After my last post, on overcoming writer’s block, some
friends and I were talking about the problem of the inner critic and how to
silence it. For some, the inner critic shuts the whole operation down. In this
respect I’m fortunate to lose only a quatrain here or there.
I can easily relate, though, when the topic is long-form
fiction instead of poetry. I share the sense that there’s such a thing as
wasted effort—such a thing as something to lose. I believe I can write
something too stupid to recover from. I think there’s a chance I could blow the
whole illusion that I’m a real writer with something valuable to say.
With poetry, I’ve reached the point where my inner critic is
a help instead of a hindrance. I can smile as I scrawl, fully assured that
something good is coming. My inner critic sometimes dissuades me from new ways
of experimentation, but that’s part of what it means to have a voice. That
critic also tells me when I’m boring myself and every potential reader, and
this sways me back toward new ground.
I’m not sure if I could properly deal with my inner critic
until I hit my forties. Then she just began to strike me as that sharp-tongued
girlfriend who will say absolutely anything—the one you feel a little
embarrassed to take anywhere for fear of what criticism might pop out. She’s a
hoot once you learn to deal with her—once you lose the capacity to feel
offense. While she’s frequently correct, she’s often wrong, and although she
can be richly entertaining, she’s not altogether kind.

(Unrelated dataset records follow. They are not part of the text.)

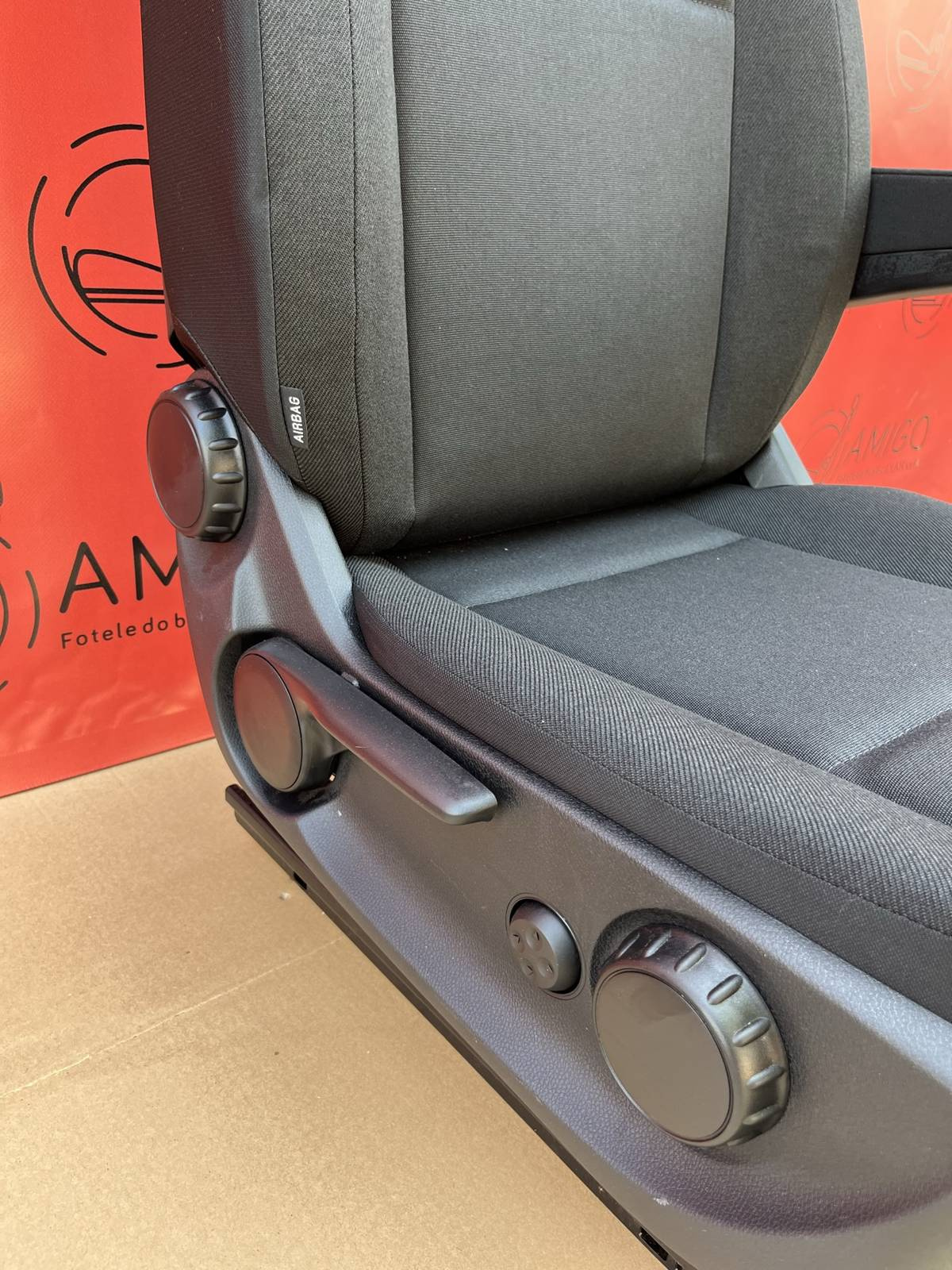 Seat Mercedes Vito W447 UK driver | EU passenger seat 2014-2022 armrest MATURIN
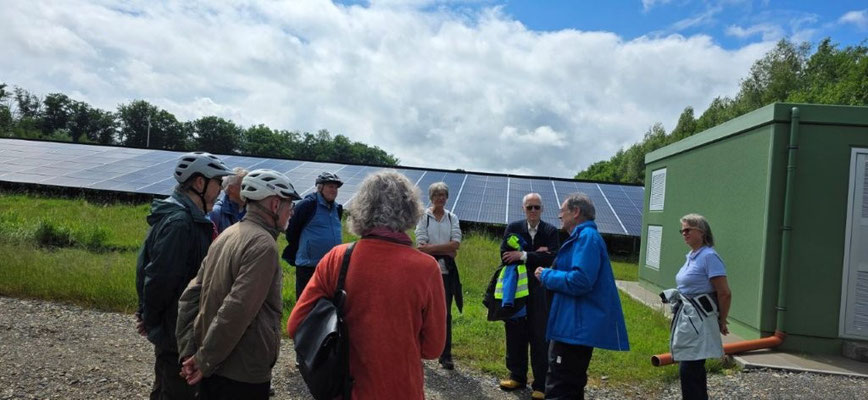 Die Teilnehmer der Radtour an der Bürgersolaranlage Hainkamp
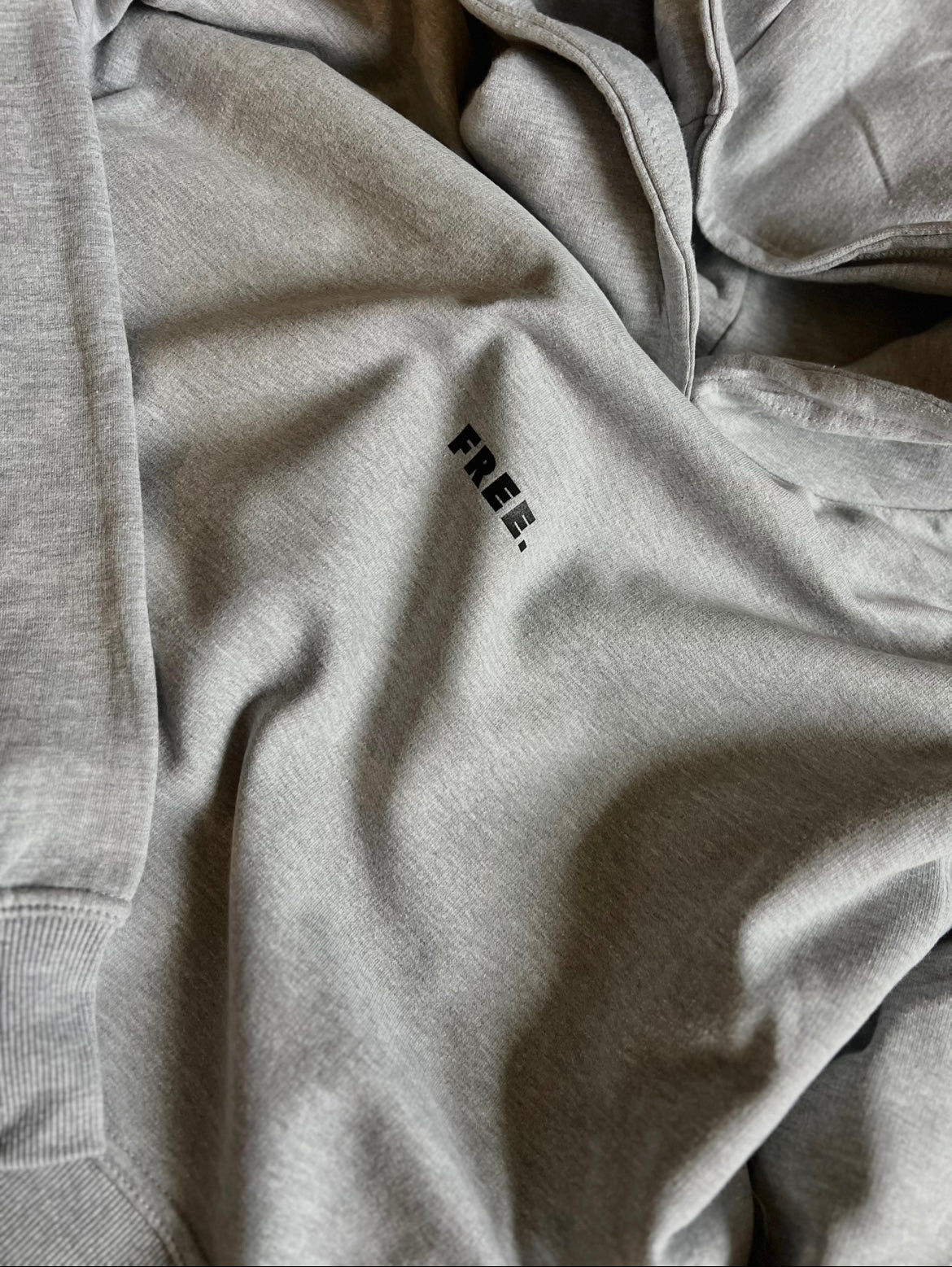 CROPPED HOODIE "FREE" | grey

When it comes to my novel, though, I’m brand new, and I
haven’t exactly built up my calluses. The inner critic doesn’t point me in a
better direction; she completely silences me. Until I get that first page done,
there isn’t likely to be a second one. (I’ve been toying with the idea of
working around her by starting in the middle, but that’s a post for another
day.)
For me, the solution to dealing with the inner critic comes
down to four words: permission to be stupid. Until I realized the importance of
letting myself write and think ridiculous, stupid things, I was never able to
make the kinds of bold connections that most thrill me in a poem. The inner
critic is conservative, and innovation, in writing or any other aspect of life,
is anything but.
Sometimes I actually begin a writing session by saying those
words: permission to be stupid. I’ve even written it at the top of the page. I’ve
written poem drafts where I had to edit out lines that actually said things
like, “Wow, this is dumb.” But you know, giving voice to the inner critic
helped me to pinpoint that voice and separate it from my creative mind. Once
the inner critic is put in its place, it can be very useful. The problem happens
when it stops us in our tracks—but, like beginning my novel in the middle, sometimes
it’s just a matter of finding a way around it.